In this practice we are going to circulate energy through the chakra system by using the vibration of sound. We’re going to follow the same circular path as when performing Rudra Pranayama — down the front of the body and up the spine toward the crown of the head.
The purpose of this technique is to deepen your experience of energy and awareness. You can use it on its own, or as a supplement to the core pranayama practice of Rudra Meditation.
Once the technique has served its purpose, set it aside and rest in the open space of your Awareness.
Chanting at the Third Eye Chakra
Begin by bringing your attention to the “third eye” chakra (in the forehead, just above the eyebrows). Relax any tensions in this area, then gently chant the sound OM (we’ll work with other mantras later in this article). You can perform this internally or out loud.
If you start with audible chanting, it’s helpful to move to an internal practice after several moments. This will direct the mind further inward.
We’re going to use brief sound exposures rather than long drawn out chants. This will allow us to move through the chakras relatively fast so there’s a feeling of movement and progression throughout the practice. We also want to sense the space and stillness between the sounds, so speed is not the goal here.
After you’ve practiced for a while, you’ll fall into a rhythm that will feel right to you. That tempo may change from session to session, so try not to force the timing, just allow Awareness to guide you.

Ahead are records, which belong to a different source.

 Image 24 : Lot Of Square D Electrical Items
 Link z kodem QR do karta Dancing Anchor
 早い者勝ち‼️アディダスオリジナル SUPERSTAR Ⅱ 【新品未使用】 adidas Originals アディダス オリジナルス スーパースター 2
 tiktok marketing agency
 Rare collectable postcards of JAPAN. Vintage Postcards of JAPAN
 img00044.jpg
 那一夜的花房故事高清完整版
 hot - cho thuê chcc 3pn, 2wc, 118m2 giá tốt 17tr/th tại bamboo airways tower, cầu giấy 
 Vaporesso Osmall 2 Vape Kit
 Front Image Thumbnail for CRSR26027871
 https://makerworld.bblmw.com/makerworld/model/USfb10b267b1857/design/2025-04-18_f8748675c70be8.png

As you chant OM at the third-eye, let the sound break up any tension you may be holding within that area.
Chanting at the Throat Chakra
Next, drop your awareness into the throat chakra. Most people feel this most prominently at the dip in the center of the neck between the clavicles and just above the sternum. Again, chant OM, and let the vibration of the sound break up any tension you may be holding.
Without using force, sink into OM until your attention becomes more focused. Allow the sound to deepen and clarify your consciousness.

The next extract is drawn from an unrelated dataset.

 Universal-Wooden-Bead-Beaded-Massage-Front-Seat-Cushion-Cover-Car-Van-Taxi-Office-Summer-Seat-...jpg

Chanting at the Heart Chakra
Move into the heart chakra in the center of the chest and chant OM. Feel the tension drop and your awareness expand. Notice any sensations which arise.
Sometimes you may feel a pleasurable tingling. At other times, a slight pain as if you’re activating long neglected muscles.
Chanting at the Navel Chakra
Drop your awareness to manipura chakra — just below the navel and slightly inward — and chant OM once again. Each focused recitation of OM (at any chakra) is like a tiny explosion of energy. This can create an opening which allows your consciousness to expand outward beyond the physical body.
You may discover that when your attention is focused in manipura, the two lower chakras also become enlivened. Or, you may feel more of an opening in the heart center. In either case, there’s no need to tighten or narrow your awareness in order to focus on manipura alone. Instead, stay centered here while giving space to whatever else you may be experiencing.
Chanting at the Sex Chakra
Next, move into the sex chakra and chant OM again. There’s a subconscious tendency for many people to suppress any feelings within this center. That suppression leads to blockages which prevent the energy from rising.
For this exercise to work, you have to feel deeply into this and every other chakra, allowing any sensations to surface and spread.
Chanting at the Base Chakra
From the sex chakra, feel into the perinium and base of the spine. Chant OM. With time, as your practice progresses, you will experience an uncoiling of energy here, as if dormant forces are awakening and ascending upward.
Try not to bring the mind into the process. Just surrender deeper, observing what takes place without attempting to control the energy in any way.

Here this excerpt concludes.